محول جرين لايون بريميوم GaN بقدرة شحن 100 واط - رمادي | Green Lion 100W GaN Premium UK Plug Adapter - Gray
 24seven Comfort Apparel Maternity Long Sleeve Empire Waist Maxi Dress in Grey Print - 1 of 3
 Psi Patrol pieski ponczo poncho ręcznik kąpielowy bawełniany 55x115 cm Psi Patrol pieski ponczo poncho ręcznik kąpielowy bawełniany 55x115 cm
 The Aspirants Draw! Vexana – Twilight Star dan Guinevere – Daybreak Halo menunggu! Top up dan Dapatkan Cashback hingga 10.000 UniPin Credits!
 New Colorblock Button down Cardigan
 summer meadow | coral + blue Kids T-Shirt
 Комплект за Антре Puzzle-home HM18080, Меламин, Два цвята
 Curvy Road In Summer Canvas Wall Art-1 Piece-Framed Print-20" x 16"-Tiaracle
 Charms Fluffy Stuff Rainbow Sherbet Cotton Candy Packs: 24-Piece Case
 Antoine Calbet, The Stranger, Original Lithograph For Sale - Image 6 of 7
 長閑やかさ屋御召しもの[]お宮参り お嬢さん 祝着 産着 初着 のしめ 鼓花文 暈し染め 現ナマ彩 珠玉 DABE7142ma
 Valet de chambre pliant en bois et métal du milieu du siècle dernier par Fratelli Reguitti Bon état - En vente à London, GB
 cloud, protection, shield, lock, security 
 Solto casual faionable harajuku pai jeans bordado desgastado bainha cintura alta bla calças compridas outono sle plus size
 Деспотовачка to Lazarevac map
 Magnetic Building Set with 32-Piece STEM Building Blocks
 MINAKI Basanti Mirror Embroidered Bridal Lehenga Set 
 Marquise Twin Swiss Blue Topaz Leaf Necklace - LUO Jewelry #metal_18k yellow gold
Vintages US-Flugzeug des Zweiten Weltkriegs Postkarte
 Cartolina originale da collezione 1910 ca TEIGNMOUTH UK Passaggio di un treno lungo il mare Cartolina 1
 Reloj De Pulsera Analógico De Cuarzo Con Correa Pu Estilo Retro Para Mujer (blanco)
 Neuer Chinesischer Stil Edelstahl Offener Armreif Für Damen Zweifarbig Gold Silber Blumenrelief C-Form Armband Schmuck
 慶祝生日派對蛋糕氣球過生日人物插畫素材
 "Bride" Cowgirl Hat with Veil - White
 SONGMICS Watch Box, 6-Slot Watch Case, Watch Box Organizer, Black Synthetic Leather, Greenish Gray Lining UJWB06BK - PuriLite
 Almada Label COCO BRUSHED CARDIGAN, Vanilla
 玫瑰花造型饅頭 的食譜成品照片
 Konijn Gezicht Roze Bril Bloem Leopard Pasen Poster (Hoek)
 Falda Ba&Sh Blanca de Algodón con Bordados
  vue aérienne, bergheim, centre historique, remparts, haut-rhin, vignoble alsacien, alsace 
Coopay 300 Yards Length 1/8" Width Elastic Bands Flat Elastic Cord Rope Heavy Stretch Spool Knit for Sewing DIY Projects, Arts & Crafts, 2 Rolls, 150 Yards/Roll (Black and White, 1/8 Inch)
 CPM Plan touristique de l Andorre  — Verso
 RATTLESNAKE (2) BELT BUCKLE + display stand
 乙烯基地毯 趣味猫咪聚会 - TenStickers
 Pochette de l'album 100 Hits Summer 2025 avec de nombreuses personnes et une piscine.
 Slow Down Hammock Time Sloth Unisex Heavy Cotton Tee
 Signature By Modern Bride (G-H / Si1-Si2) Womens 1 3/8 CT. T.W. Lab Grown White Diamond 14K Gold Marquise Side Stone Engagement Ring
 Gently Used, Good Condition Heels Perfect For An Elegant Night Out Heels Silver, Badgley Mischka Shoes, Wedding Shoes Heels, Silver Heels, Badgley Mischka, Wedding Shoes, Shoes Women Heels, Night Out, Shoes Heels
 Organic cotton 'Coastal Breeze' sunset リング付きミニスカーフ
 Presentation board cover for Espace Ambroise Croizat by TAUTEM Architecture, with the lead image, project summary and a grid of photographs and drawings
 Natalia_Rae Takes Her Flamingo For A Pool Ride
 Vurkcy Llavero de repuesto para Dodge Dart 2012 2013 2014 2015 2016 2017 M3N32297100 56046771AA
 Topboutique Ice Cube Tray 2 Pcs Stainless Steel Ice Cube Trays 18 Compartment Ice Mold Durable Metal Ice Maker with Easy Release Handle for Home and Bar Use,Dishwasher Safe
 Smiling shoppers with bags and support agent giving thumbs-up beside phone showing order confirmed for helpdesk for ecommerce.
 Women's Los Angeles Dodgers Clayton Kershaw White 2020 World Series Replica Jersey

# # # #

◆ Work request ◆
If a line in the records above has the word "White", copy it.

◆ Problem solution ◆
 "Bride" Cowgirl Hat with Veil - White
Coopay 300 Yards Length 1/8" Width Elastic Bands Flat Elastic Cord Rope Heavy Stretch Spool Knit for Sewing DIY Projects, Arts & Crafts, 2 Rolls, 150 Yards/Roll (Black and White, 1/8 Inch)
 Signature By Modern Bride (G-H / Si1-Si2) Womens 1 3/8 CT. T.W. Lab Grown White Diamond 14K Gold Marquise Side Stone Engagement Ring
 Women's Los Angeles Dodgers Clayton Kershaw White 2020 World Series Replica Jersey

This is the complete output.